■ EXERCISE: Only one stretch of the data below is needed. Output the lines from the one with "Thick 125khz HID" up to and including the one with "tert-Butyl 2-(aminomethyl)azetidine-1-carboxylate", exactly as they stand.
[[ MATERIAL SUPPLIED, beginning ]]
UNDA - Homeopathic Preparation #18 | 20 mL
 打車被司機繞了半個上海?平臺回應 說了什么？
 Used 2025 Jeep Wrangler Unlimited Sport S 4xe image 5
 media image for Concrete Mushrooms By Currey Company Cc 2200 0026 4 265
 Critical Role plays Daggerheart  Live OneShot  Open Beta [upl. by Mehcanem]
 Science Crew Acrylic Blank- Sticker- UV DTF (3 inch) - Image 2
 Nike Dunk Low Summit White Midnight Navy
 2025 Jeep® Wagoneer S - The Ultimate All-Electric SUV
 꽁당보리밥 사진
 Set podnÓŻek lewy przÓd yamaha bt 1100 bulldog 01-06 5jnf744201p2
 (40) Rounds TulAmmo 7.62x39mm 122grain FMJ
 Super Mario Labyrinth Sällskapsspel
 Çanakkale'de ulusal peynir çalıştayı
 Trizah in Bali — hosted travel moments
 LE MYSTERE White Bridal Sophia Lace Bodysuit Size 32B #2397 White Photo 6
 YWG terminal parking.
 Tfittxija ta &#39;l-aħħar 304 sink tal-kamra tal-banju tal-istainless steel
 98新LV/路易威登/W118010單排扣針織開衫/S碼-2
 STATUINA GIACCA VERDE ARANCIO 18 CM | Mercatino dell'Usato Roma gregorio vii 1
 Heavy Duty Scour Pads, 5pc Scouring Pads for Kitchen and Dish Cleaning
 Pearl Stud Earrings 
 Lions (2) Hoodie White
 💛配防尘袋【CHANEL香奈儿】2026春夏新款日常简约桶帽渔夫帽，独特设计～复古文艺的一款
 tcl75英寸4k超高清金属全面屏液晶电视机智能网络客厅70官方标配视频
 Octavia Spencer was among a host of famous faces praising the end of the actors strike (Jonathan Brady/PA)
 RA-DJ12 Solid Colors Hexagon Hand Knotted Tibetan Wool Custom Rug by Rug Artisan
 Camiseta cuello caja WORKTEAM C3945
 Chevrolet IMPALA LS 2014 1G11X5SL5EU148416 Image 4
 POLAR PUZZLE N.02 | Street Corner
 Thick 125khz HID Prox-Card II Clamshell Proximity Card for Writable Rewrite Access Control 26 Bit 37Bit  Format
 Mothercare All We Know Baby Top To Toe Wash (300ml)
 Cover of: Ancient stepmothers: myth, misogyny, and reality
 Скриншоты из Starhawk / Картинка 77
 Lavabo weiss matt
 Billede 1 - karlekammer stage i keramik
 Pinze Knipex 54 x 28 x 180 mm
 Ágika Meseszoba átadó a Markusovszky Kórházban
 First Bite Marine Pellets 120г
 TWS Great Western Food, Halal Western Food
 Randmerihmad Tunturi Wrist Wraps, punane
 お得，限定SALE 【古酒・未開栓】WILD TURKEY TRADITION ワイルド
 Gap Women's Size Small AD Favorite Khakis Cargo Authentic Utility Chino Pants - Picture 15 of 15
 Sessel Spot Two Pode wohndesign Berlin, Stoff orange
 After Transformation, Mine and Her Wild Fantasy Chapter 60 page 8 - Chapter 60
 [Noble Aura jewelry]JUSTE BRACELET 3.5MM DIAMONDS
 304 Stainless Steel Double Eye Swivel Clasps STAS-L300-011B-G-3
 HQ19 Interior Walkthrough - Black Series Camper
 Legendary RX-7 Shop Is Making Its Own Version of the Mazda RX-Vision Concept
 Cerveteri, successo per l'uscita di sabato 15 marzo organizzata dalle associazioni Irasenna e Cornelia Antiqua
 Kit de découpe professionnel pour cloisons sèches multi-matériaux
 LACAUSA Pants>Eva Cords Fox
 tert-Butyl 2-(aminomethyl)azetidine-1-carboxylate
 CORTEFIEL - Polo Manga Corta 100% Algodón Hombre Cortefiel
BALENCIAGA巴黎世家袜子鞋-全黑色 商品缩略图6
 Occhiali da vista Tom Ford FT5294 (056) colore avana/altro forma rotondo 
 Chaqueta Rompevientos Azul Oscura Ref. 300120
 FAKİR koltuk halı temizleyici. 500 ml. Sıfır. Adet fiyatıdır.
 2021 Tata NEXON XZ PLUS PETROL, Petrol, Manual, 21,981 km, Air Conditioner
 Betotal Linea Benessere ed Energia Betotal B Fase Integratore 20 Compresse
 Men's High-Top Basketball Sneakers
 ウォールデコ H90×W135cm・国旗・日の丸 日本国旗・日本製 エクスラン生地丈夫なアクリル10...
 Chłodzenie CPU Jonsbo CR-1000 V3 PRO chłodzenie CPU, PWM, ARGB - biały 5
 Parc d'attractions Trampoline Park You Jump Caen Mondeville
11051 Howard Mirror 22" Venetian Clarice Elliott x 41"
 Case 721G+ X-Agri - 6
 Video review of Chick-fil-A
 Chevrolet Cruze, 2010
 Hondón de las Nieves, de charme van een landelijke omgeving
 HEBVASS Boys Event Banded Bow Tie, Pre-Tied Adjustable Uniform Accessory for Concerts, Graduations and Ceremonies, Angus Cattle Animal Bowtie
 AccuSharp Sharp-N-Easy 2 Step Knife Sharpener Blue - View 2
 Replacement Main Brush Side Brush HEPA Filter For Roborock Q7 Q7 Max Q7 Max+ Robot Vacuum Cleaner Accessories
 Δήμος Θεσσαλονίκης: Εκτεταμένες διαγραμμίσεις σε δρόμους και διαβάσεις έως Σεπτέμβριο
[[ MATERIAL SUPPLIED, end ]]
■ WRITTEN SOLUTION:
 Thick 125khz HID Prox-Card II Clamshell Proximity Card for Writable Rewrite Access Control 26 Bit 37Bit  Format
 Mothercare All We Know Baby Top To Toe Wash (300ml)
 Cover of: Ancient stepmothers: myth, misogyny, and reality
 Скриншоты из Starhawk / Картинка 77
 Lavabo weiss matt
 Billede 1 - karlekammer stage i keramik
 Pinze Knipex 54 x 28 x 180 mm
 Ágika Meseszoba átadó a Markusovszky Kórházban
 First Bite Marine Pellets 120г
 TWS Great Western Food, Halal Western Food
 Randmerihmad Tunturi Wrist Wraps, punane
 お得，限定SALE 【古酒・未開栓】WILD TURKEY TRADITION ワイルド
 Gap Women's Size Small AD Favorite Khakis Cargo Authentic Utility Chino Pants - Picture 15 of 15
 Sessel Spot Two Pode wohndesign Berlin, Stoff orange
 After Transformation, Mine and Her Wild Fantasy Chapter 60 page 8 - Chapter 60
 [Noble Aura jewelry]JUSTE BRACELET 3.5MM DIAMONDS
 304 Stainless Steel Double Eye Swivel Clasps STAS-L300-011B-G-3
 HQ19 Interior Walkthrough - Black Series Camper
 Legendary RX-7 Shop Is Making Its Own Version of the Mazda RX-Vision Concept
 Cerveteri, successo per l'uscita di sabato 15 marzo organizzata dalle associazioni Irasenna e Cornelia Antiqua
 Kit de découpe professionnel pour cloisons sèches multi-matériaux
 LACAUSA Pants>Eva Cords Fox
 tert-Butyl 2-(aminomethyl)azetidine-1-carboxylate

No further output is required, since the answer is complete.